Use Google and Facebook as classic examples.
And if you aren't getting more users, then you are ramping up marketing efforts to do so.
While LinkedIn is a definite success story, I'm not buying it that they are running a zero marginal cost business. I don't believe that anyone is.
Yeah, but it's a step function. You can service, say, 100k users on a couple of servers. User # 100,101 means you have to buy a new server. Technically that user costs more, but the next 99,999 cost 0. (Leaving out rules about depreciation, amortization etc - I'm just talking pure cash flow.)
I don't know anything about Linkedin, but PE can be deceiving and let me explain how.
First, P/E ratio is the Market Cap/Earnings (earnings = profit)
The basic way to get earnings is to subtract all expenses from revenue. (this is an overly simplistic definition, but it is mostly right, almost all the time).
So you have:
Gross Revenue - Expenses = Earnings
What is left out of this simple definition is "operating leverage". Operating leverage is the concept that you have a set of costs that don't move much no matter how much your revenue moves.

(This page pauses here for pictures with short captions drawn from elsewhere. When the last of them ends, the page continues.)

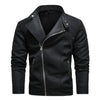 Men PU Leather Jacket with Oblique Zipper and Large Lapel Collar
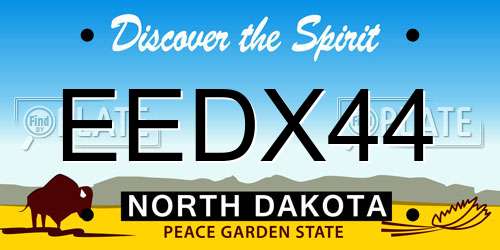 EEDX44 North Dakota License Plate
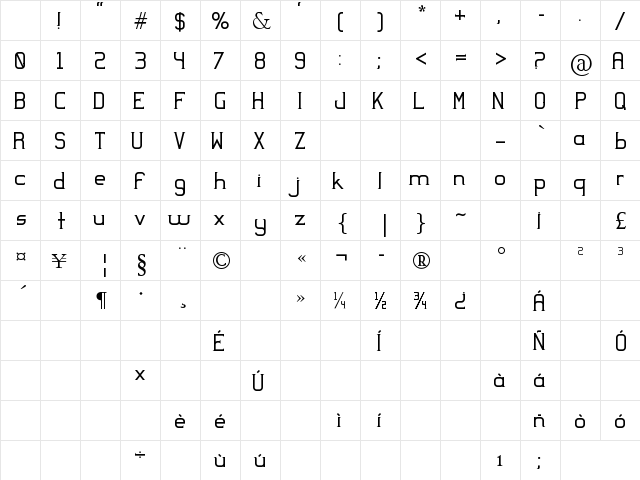 Yodeb Regular Character Map Yodeb Regular Character Map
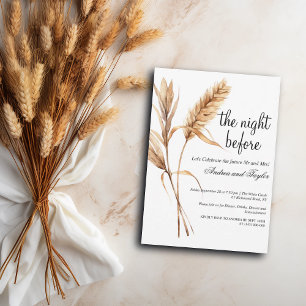 Invitation Dîner de répétition Mariage en herbe Pampas élégan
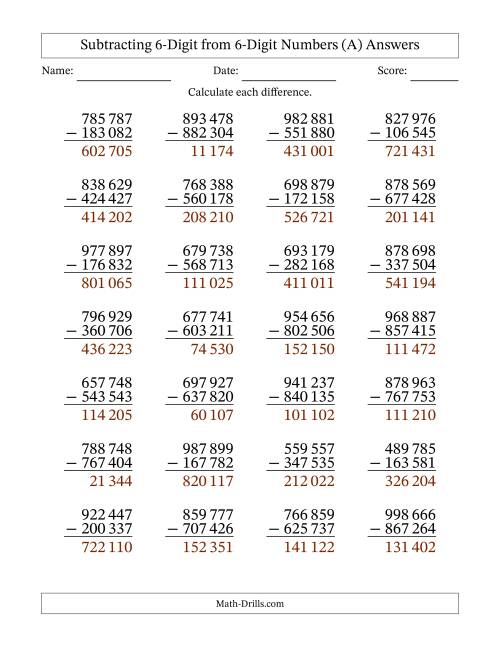 The Subtracting 6-Digit from 6-Digit Numbers With No Regrouping (28 Questions) (Space Separated Thousands) (All) Math Worksheet Page 2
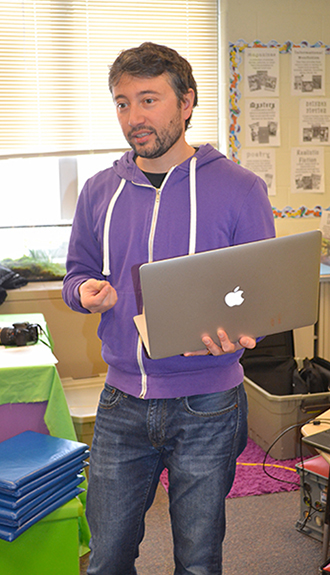 During Paper2Tree's morning outreach session at King School, Mattia Gazzola explains his research to Carr's  students.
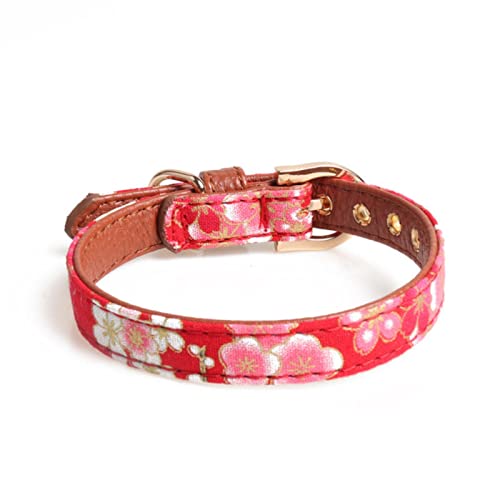 1 Pc Lovely Bowknot Pets Cat Dog Collar Printing Floral Adjustable Puppy Cats Necklace Leather Small Dogs Collars-Rose,M von ZXDC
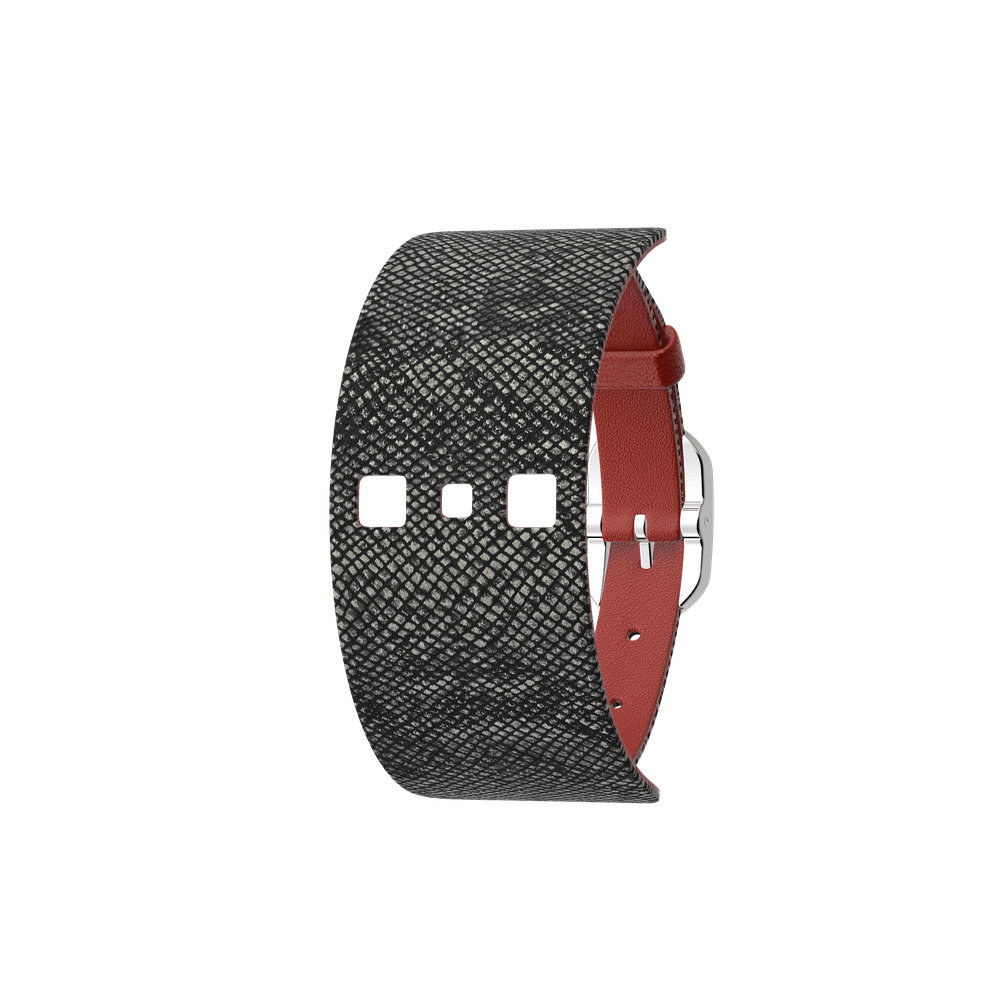 Bracelet Cuir Brique / Reptile, boucle argentée - Les Georgettes - Modalova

Most internet companies have a lot of operating leverage.
So lets take a hypothetical company:
Quarter 1: (Revenue) $100m - (Expenses) $99M = (Earnings) $1M ..... All with a market cap of $100m, the P/E would be 100.
Now, if expenses are mostly fixed, (think lots of engineers salaries which have most everything running in macros etc.) and the revenue increases by 5% what is the new PE?
Q2
$105m - $99m = $6m .... all with a market cap of $100m, the new P/E would be about market average of 16.66
--You could do the same example if you drop your long term projections on R&D, or acquisitions or any number of expenses.
LinkedIn is the world's premier social network for professionals. I'd imagine there's a lot of ways to make money off that besides their current scheme of basically charging recruiters a ton of money. Just to throw wild ideas out: build more tools for recruiters. Own the whole software stack that runs the recruiting pipeline (coincidentally, jobvite is a piece of shit.) Create classes and certification programs that help replace college degrees. Cross company calendaring integrated with my gcal and work calendar (eg I want to have drinks with friends, and I want all my calendars to sync. I don't want my work cal to necessarily say that I'm having drinks or with whom, but I want the time to be unavailable.) Steal the job search market from indeed and simply hired. Do meetups tailored to professional activities like user groups. Do message boards and mailing lists for professional groups that don't suck (unlike their current offering.)
Wondering whats the goal of LinkedIn for this acquisition? It is not a people acquisition. And SlideShare is already integrated with LinkedIn's platform. So I'm curious!
It seems like a strategic acquisition. LinkedIn looks poised to be expanding more into business operations/communications, especially given their previous acquisition of CardMunch. I can definitely see them trying to position themselves as an indispensable communication tool for industry and business professionals.
I think Yammer is probably too expensive at this point. But they might want to build a competitor. Social CRM in general is a hot space and LinkedIn is well positioned to take a big chunk of that market.
This is incredibly good news - no not because it's another acquisition but rather it is an acquisition of a quality and worthwhile business that has a defined set of competitive advantages to sustain itself in the long-term. Love it.
Does LinkedIn own a Webex yet? If they're going from a recruiting site to a full business-communications type model (archiving, in this case) they're going to need it.